File System Persistence Model

fs operations often update multiple persistent structures

create a new file

inode bitmap: allocate a new inode
inode table: initialize the new inode, update size for parent directory
data block: modify parent directory's data block to add the new directory entry

append to a file

data bitmap: allocate new blocks, bits changed to 1
data block: fill with the new data
inode table: update the file's inode with size, new data block, and other info (e.g. modified time)

interaction with block cache & inode cache

for performance reasons, most fs operations only update the cached blocks/inodes
if kernel provides strong consistency guarantees => make every operation persist synchronously

every file op is persistent on disk upon returning, write through caches
super slow! lots of disk writes to bitmaps and inodes

or let user explicitly request for persistence!
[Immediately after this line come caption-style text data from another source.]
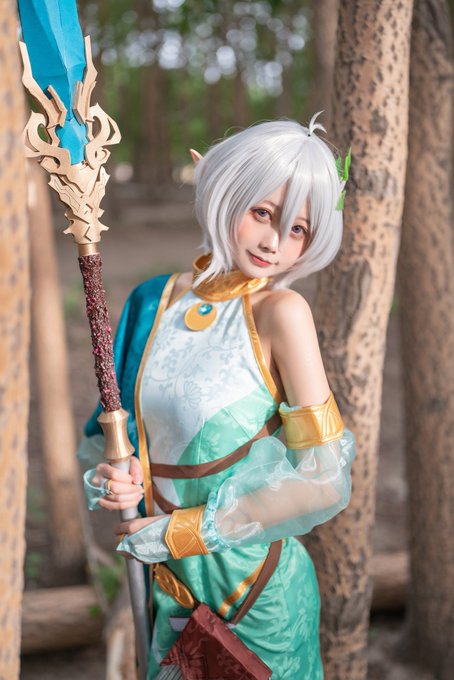 Twitterのコスプレ画像39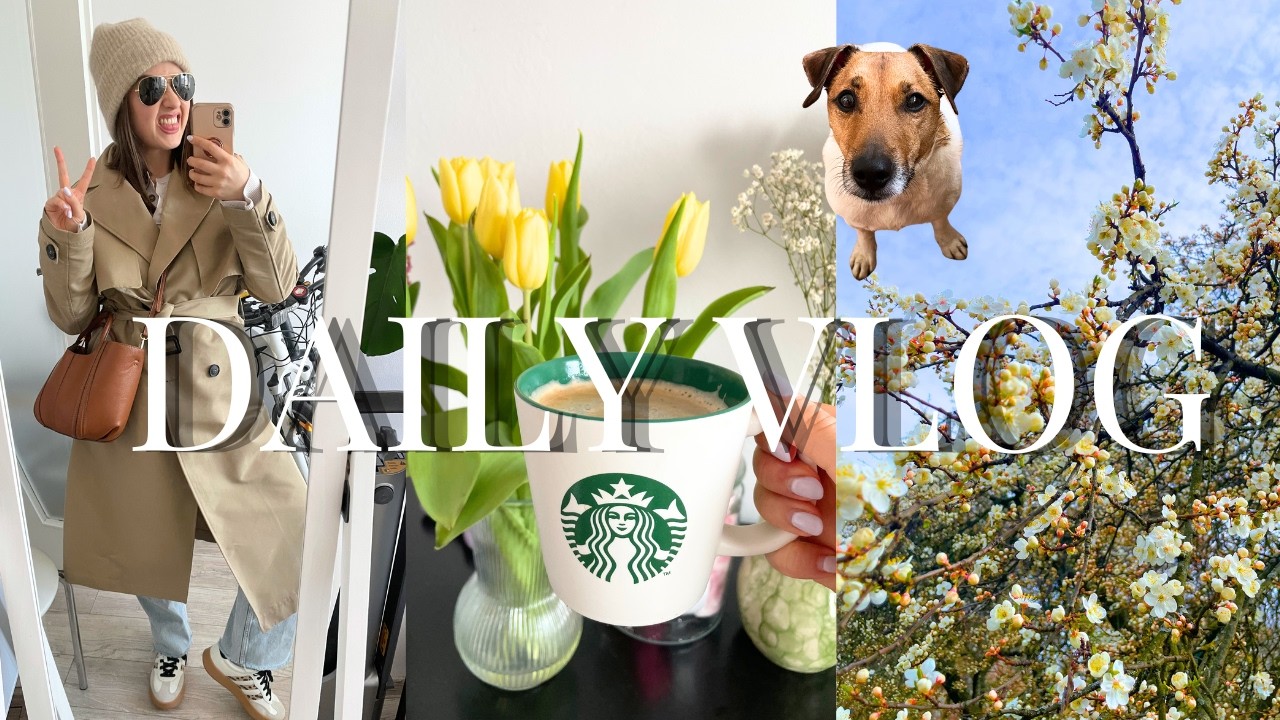 koniec ze scrollowaniem | szukam analogowego hobby i kreatywny haul | daily vlog
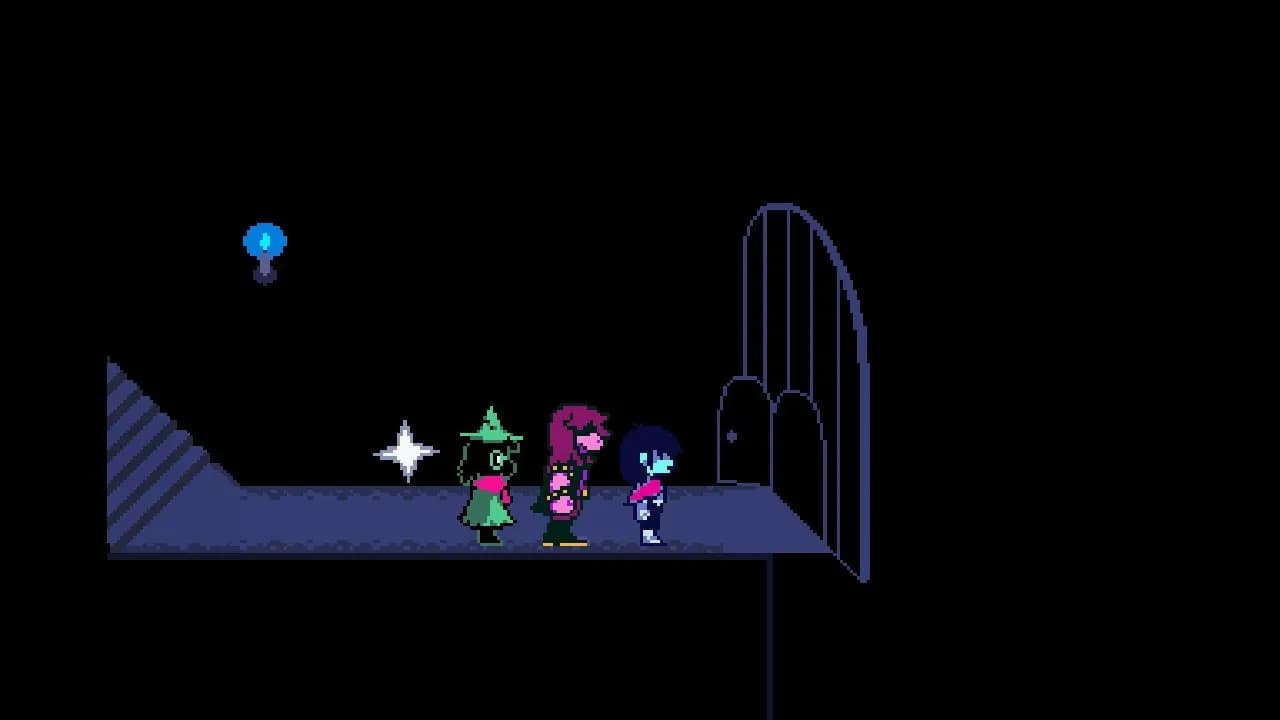 Deltarune — скриншот 5
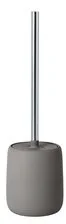 Blomus Szczotka do toalety Sono, szara, 11x39 cm - Akcesoria do wc - miniaturka - grafika 2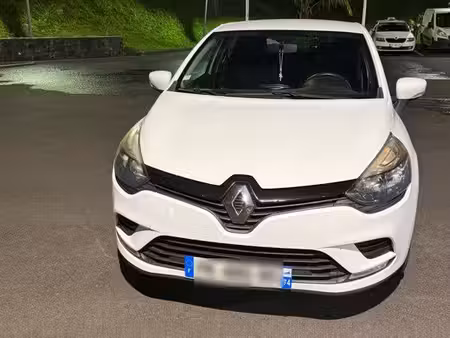 Renault Clio 1.5 dCi 75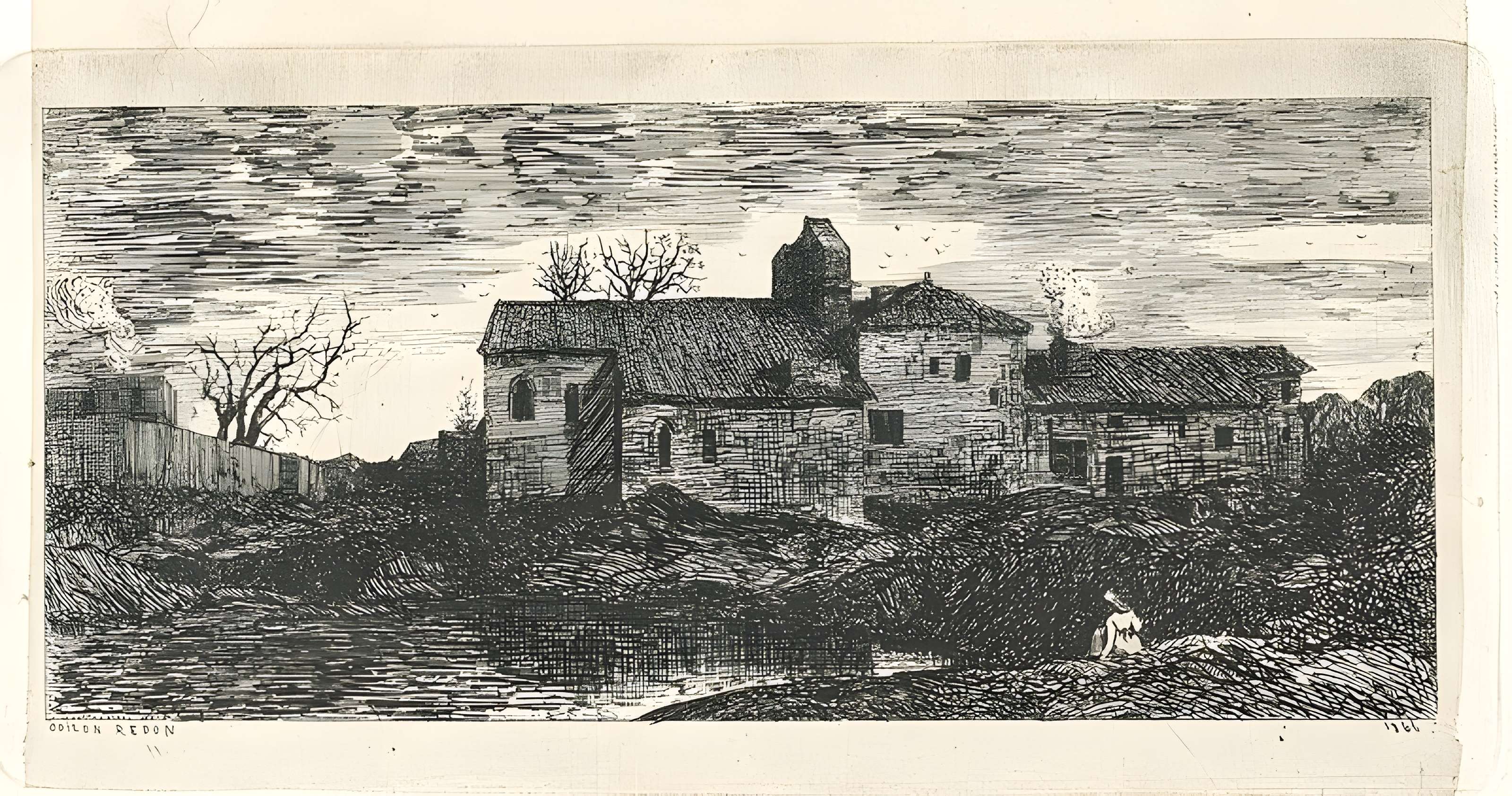 Chapelle Saint-Nicolas d'Harambels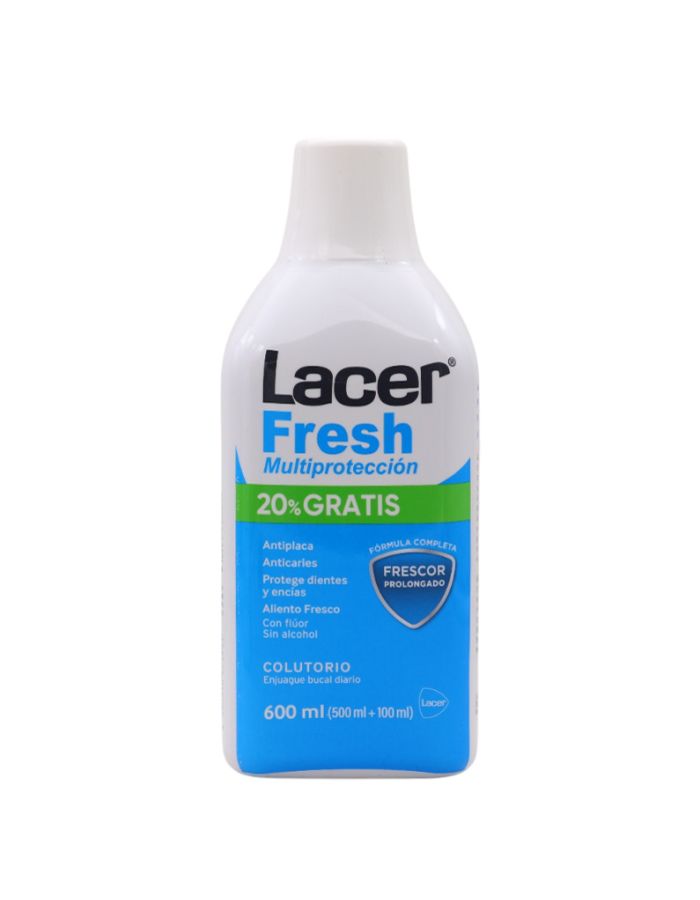 Lacer Fresh Colutorio 600ml
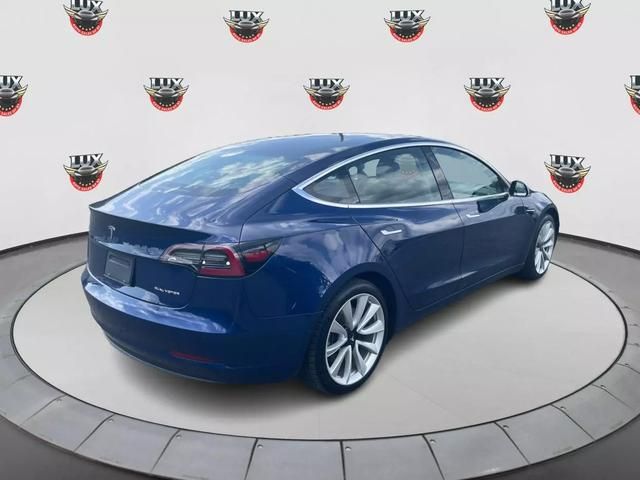 2019 Tesla Model 3 Long Range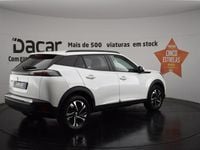 Usado Peugeot e-2008 Allure 100 kW (136 HP) 2021 Branco SUV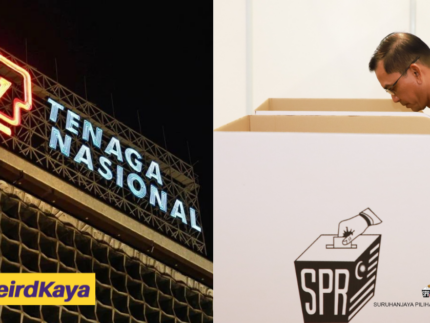 %22100% No Blackout%22 - TNB Reassures M'sians That There Will Be Stable Electricity On GE15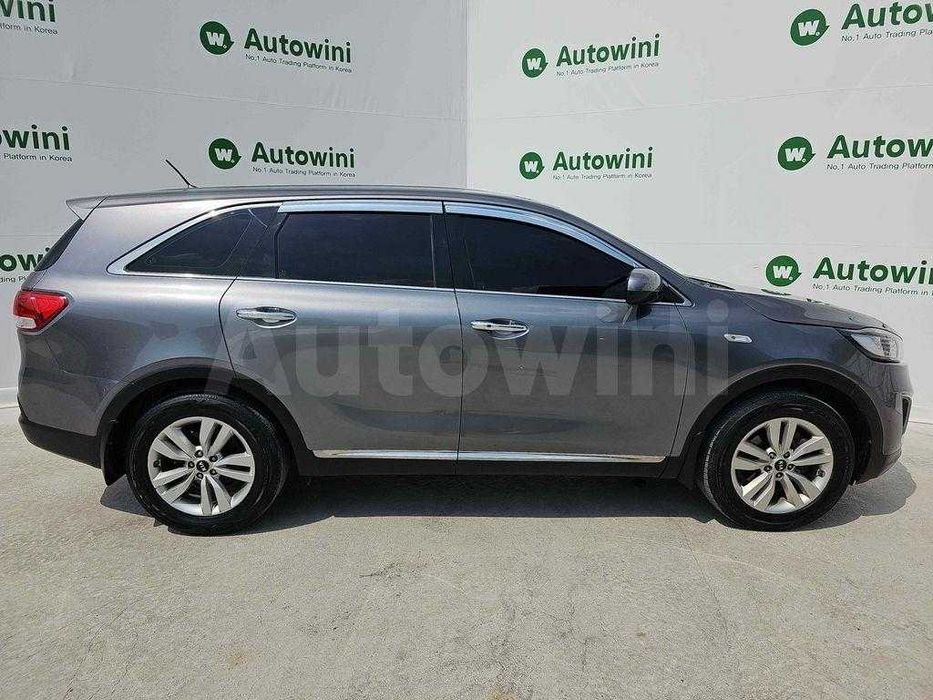 KIA Sorento 2015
sync: write/persist all cached dirty blocks to disk
fsync(fd): persist all cached changes (metadata & data) of a file to disk
all other operations can be done purely on cached blocks without disk I/O
kernel periodically (10-30s) flushes dirty blocks to disk

Crash Consistency

upon a fsync, we write out changes related to a file
given a file append, 3 disk writes (inode, data bitmap, data block) are needed to persist the file

each write is in a different sector
writes may be re-ordered by the disk (inode may be written prior to data bitmap and vice versa)

what happens if the computer crash before finishing all the writes?

what if only the block bitmap is written successfully?
what if only the file inode is written successfully?
what if only the data block is written successfuly?

may result in inconsistent file system... how do we resolve this?
resolve inconsistency: the file system checker (fsck)
- scans all metadata on the storage device, resolve inconsistency
avoid inconsistency: journaling / write-ahead logging (WAL)

the root cause of inconsistency is a mismatch of atomicity

we would like to persist all updates from an operation as an atomic unit
but disk only provides page/sector level atomicity
what if we build an abstraction to group changes to multiple blocks/sectors as one unit?

transaction

APIs: tx_begin, tx_write(block) tx_commit
example: tx_begin, tx_write(updated_inode), tx_write(updated_bitmap), tx_write(updated_data) tx_commit
reserve space for log on disk
instead of applying changes to their actual disk location, record transaction to the log first
only when the entire transaction is persisted would we actually apply the changes to their locations
replay the committed transaction from the log on recovery

why does this approach avoid inconsistency?

what happens if crash happens while writing the transaction to the log?

no changes to the actual inode, bitmap and data block

what happens if crash happens while applying the actual changes?

transaction must have been committed in the log before we would apply the changes
on start up, recover by replaying the logged transactions to their actual location

cost of logging

for each operation, we now have to write the data twice: once to journal, once to the actual location

this is called data journaling (writing down both data and metadata)

fs just cares about consistency of the metadata, so just log the metadata!

metadata journaling, only writes metadata twice, write data directly to its location
default ext4 journaling mode (ordered)!